● **AVAILABLE RECORDS**:

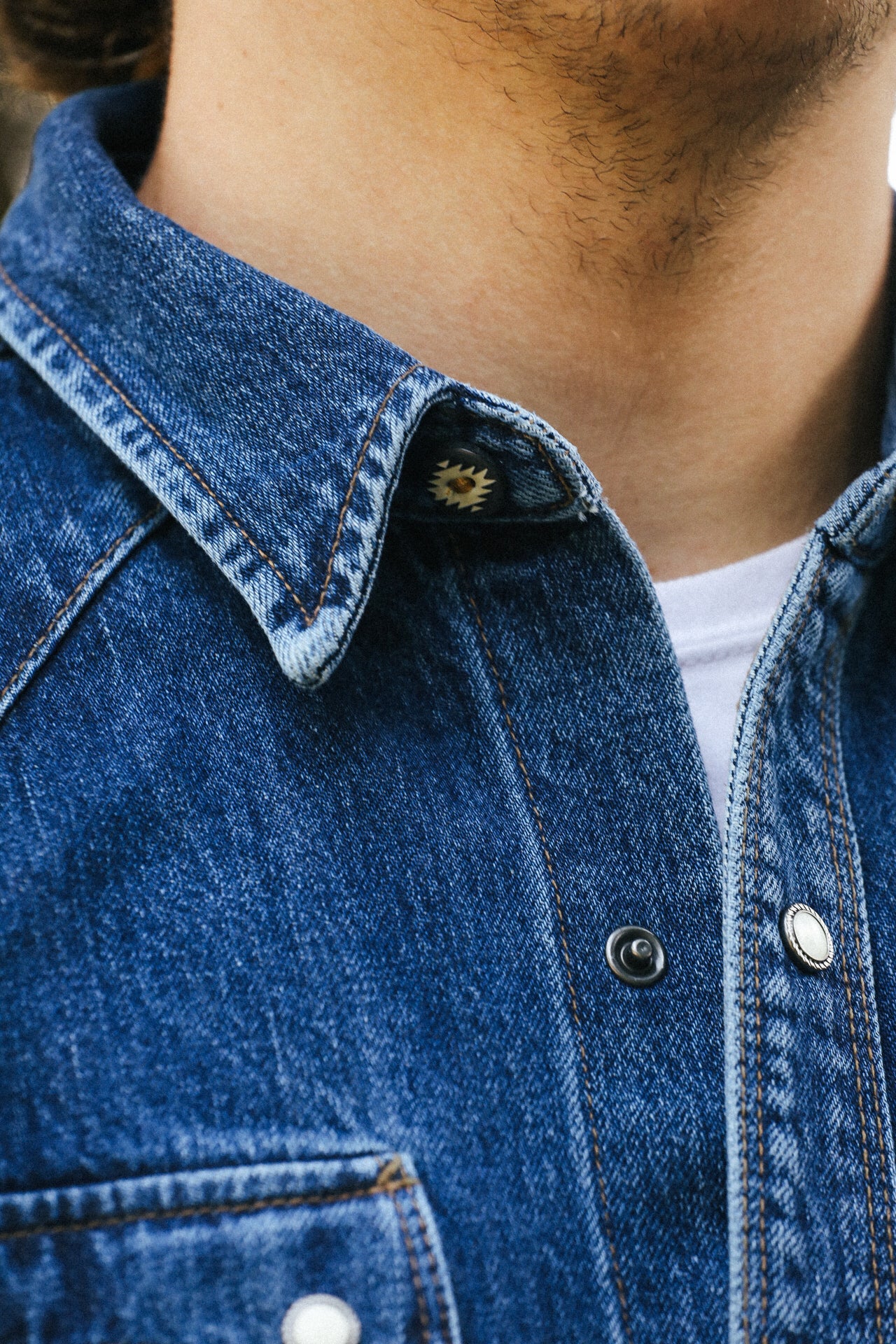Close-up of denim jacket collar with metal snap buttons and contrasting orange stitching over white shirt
* * *
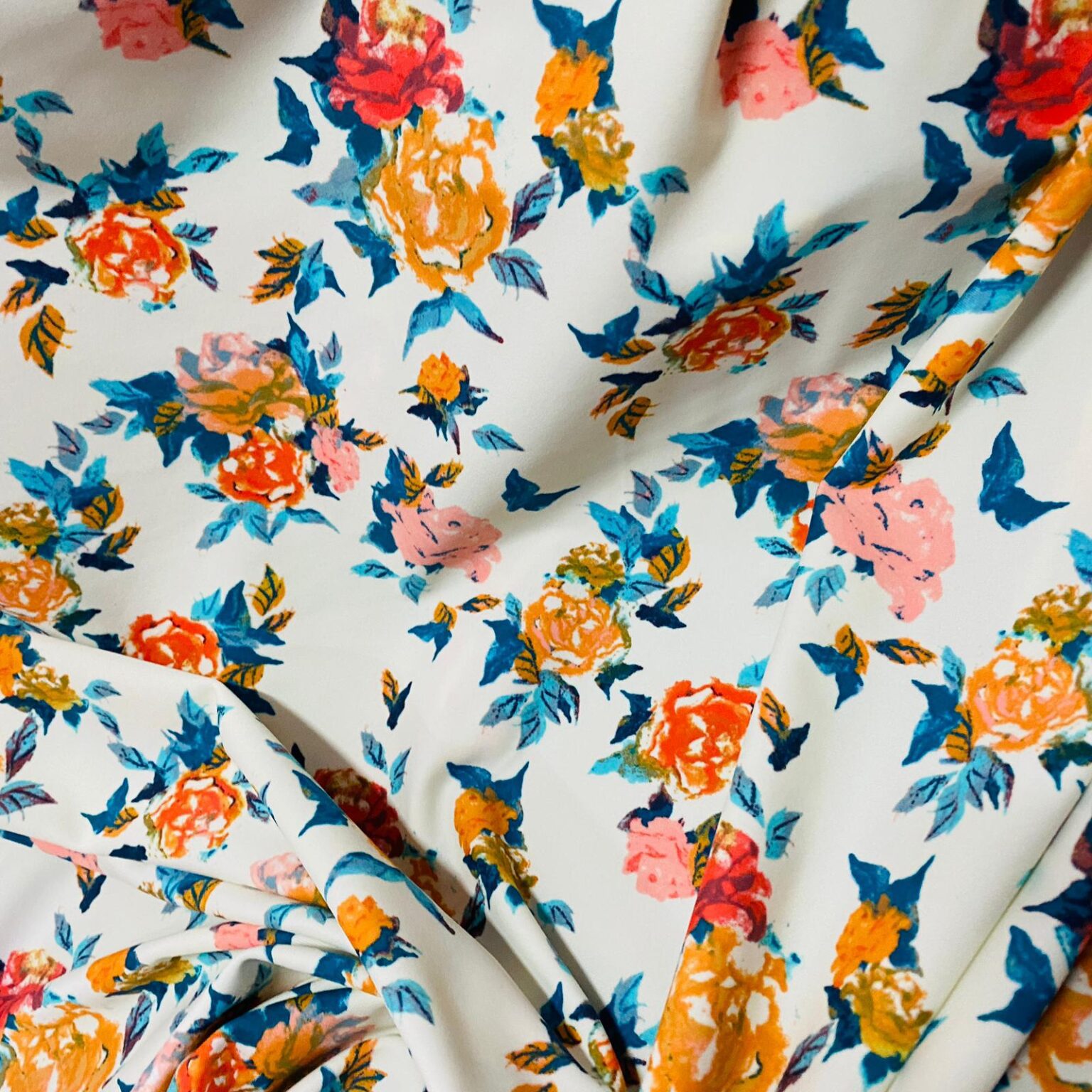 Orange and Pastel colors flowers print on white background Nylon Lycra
...
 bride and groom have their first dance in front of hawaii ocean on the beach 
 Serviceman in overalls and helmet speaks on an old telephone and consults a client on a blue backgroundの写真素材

● **YOUR GOAL**: Could you reproduce, exactly, every line above from the line with "bride and groom" to the line with "Serviceman in overalls", and no other line? Both ends count.

● **PROBLEM SOLUTION**:
 bride and groom have their first dance in front of hawaii ocean on the beach 
 Serviceman in overalls and helmet speaks on an old telephone and consults a client on a blue backgroundの写真素材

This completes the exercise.